Meet Nikon's lowest-priced digital SLR. Is this step-up camera ideal for first-time DSLR users? How does it compare to the step-up-and-then-some D5000? We take it into the field and interperet DxOMark image quality lab tests.
• 10.2MP CMOS sensor
• Simple “Guide” feature walks snapshooters through key settings
• Manual metered exposure available for more advanced photographers
• Pop-up flash
• Hot shoe for external flash, Nikon Creative Lighting System advanced wireless lighting
• Compatible with Nikon G AF lenses, other Nikon F-mount lenses with limited features
• 3-inch LCD monitor with 230k dots
• RAW & JPEG images
• Six “scene” modes
• ISO range 100-1600
What it lacks:
• Live View
• Flash PC terminal
Who it's for:
• Snapshooters stepping up from compact camera
• Advanced shooters who want an additional, light, inexpensive body
• Vacation, family, travel photographers
Price (as of 1/18/10): $499.95 with 18-55mm f/3.5-5.6G ED AF-S DX VR lens (sold only as a kit)
If you are a point-and-shoot camera owner thinking about stepping up to a digital SLR to take advantage of the better image quality produced by the larger APS sensor and the flexibility of using interchangeable lenses, the D3000 is the first Camera Nikon wants you to look at. And for good reason.

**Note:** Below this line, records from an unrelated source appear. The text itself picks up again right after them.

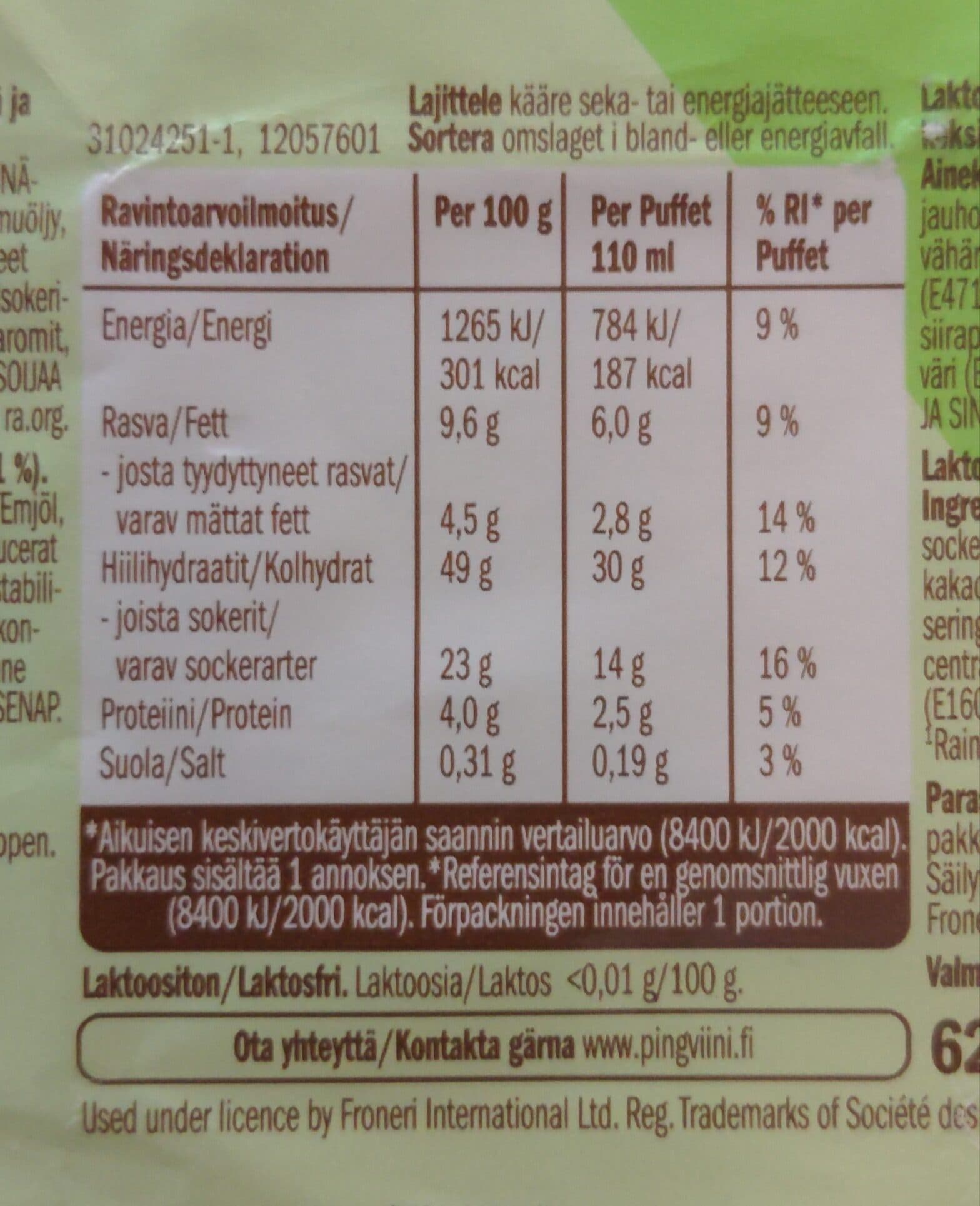 Ingman Päärynä Puffett packshot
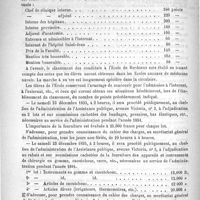0720 - Page 720 - Courrier. Corps de santé de la marine et des colonies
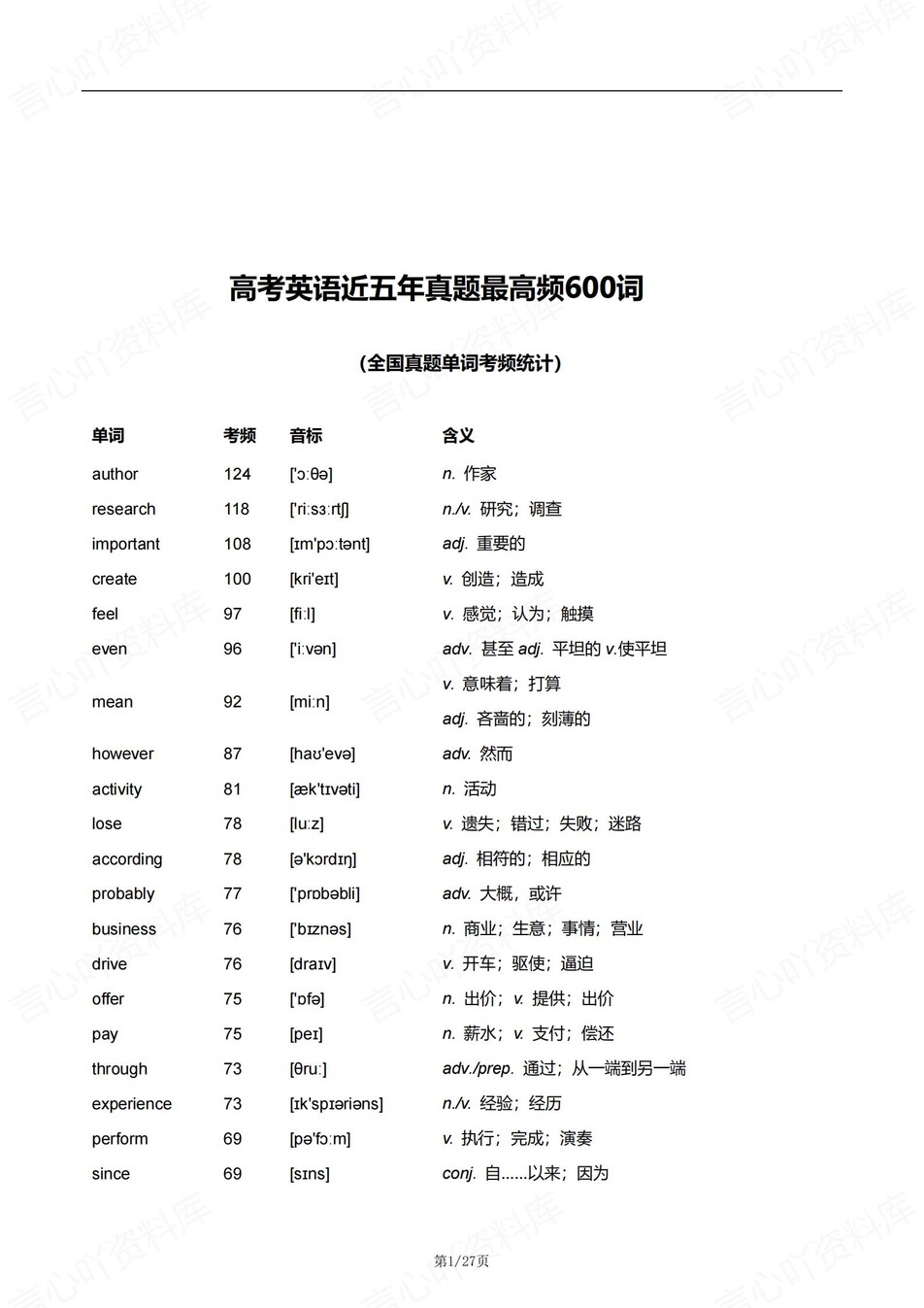 高中英语-近5年600个高频词汇-言心吖资料库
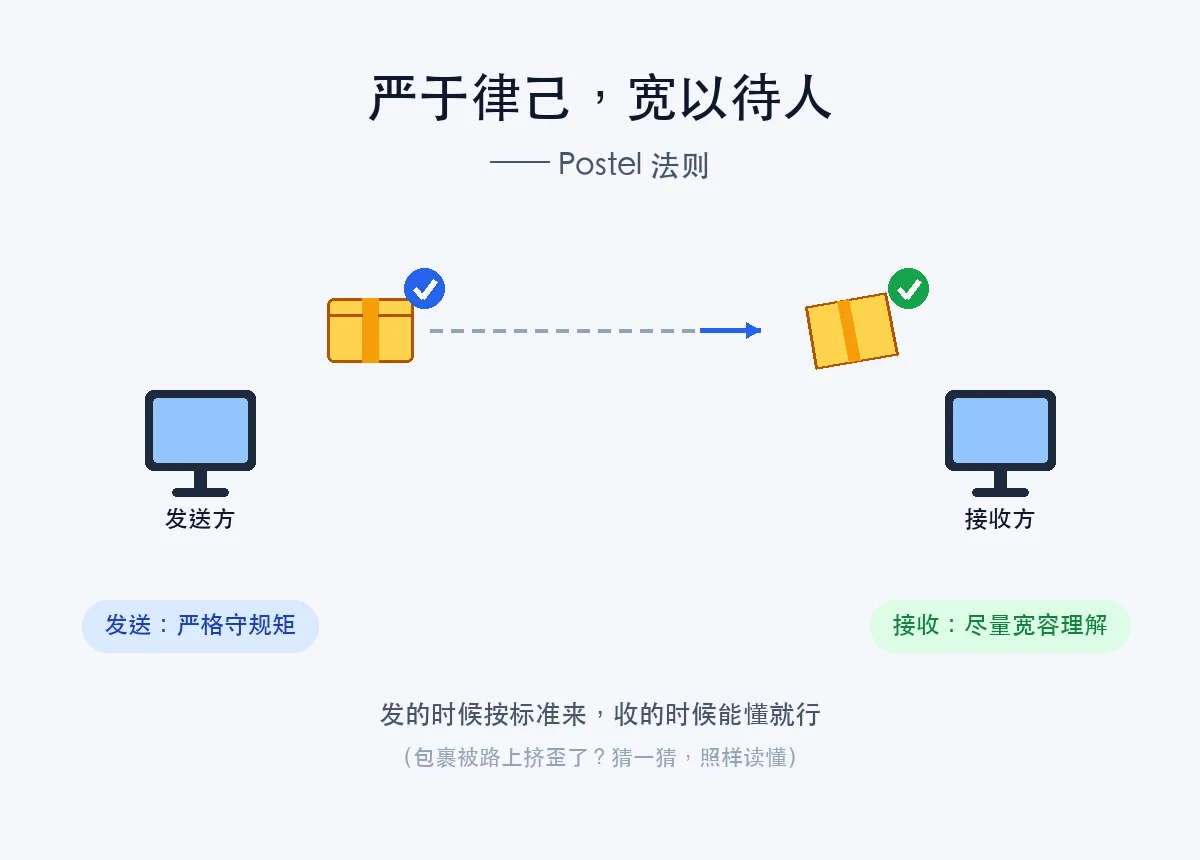 Postel 法则：严于律己，宽以待人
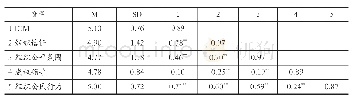 《表2 本研究主要研究变量的均值、标准差、相关系数及信度系数a,b》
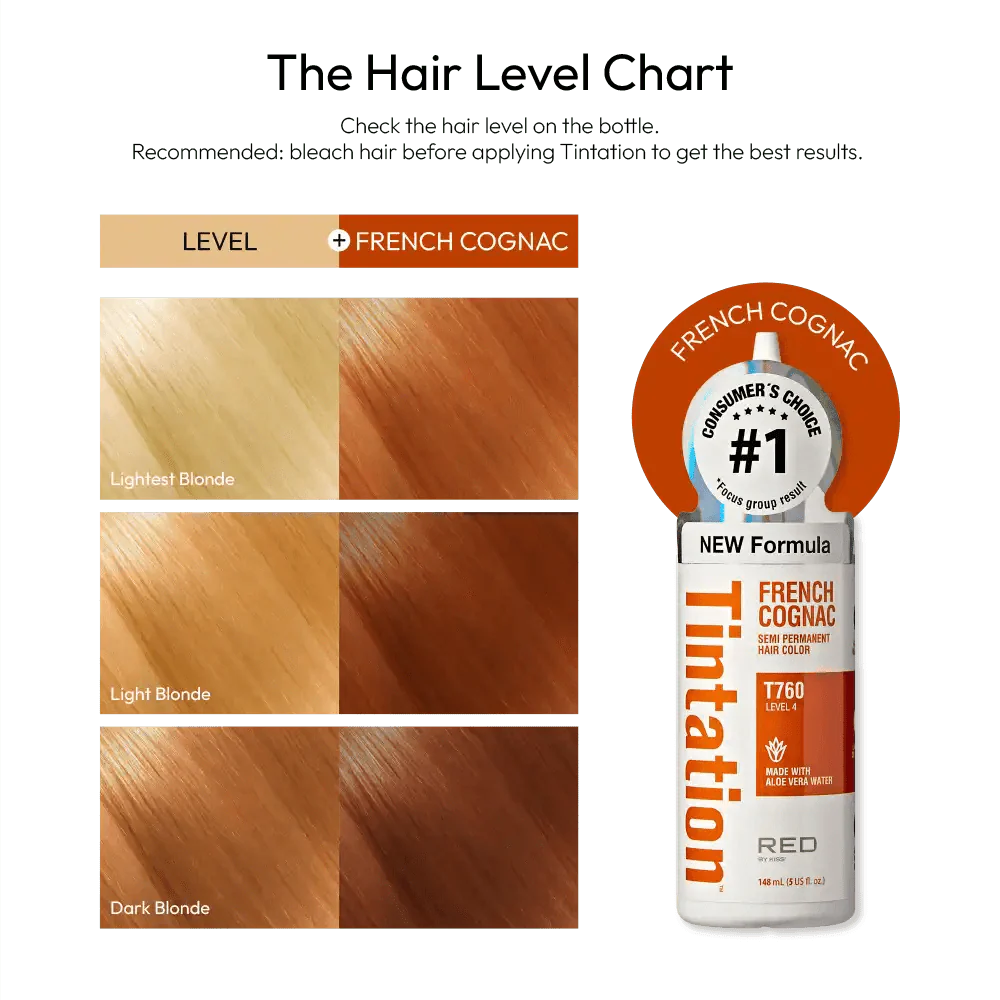 Red by Kiss – Tintation Semi-Permanent Hair Color - Image 11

The D3000 is designed with the beginner in mind—although there's plenty of room to grow as you become comfortable using manual controls for greater creativity. The D3000 lacks certain features that you can find on its more advanced sibling, the D5000. For instance, it doesn't have Live View, which would let you see the image in the LCD viewfinder, any kind of video recording capability, or a flip-out LCD. And it has a 10MP sensor, instead of the D5000's 12MP sensor.
But lacking these features is not necessarily a bad thing. In fact, if your goal is simply to take great still pictures either in auto-everything or by taking full manual control of the camera, the D3000 may be just enough camera. Let's take a closer look.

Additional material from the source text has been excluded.